Supplied entries:
○ ○ ○ ○ ○

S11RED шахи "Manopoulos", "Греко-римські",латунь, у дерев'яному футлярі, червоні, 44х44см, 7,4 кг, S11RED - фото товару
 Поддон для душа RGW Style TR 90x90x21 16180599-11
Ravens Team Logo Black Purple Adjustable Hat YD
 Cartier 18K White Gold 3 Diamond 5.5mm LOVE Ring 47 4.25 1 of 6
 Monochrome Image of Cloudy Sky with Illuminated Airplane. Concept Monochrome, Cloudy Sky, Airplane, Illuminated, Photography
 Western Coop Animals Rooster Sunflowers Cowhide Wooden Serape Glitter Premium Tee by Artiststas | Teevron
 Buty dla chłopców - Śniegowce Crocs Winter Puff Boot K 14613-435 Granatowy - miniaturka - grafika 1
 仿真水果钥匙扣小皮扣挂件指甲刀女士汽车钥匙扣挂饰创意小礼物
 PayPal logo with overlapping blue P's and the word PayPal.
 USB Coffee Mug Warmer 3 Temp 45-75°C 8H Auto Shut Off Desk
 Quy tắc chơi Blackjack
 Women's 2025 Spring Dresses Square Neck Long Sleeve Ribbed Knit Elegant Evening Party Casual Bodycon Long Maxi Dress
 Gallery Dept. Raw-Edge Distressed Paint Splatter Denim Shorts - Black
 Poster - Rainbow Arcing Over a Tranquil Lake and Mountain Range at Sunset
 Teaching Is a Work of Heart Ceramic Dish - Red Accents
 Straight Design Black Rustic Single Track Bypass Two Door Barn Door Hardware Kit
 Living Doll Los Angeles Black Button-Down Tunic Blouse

○ ○ ○ ○ ○

Give the number of lines in the entries that include the string "with", and nothing more.

Reply: 2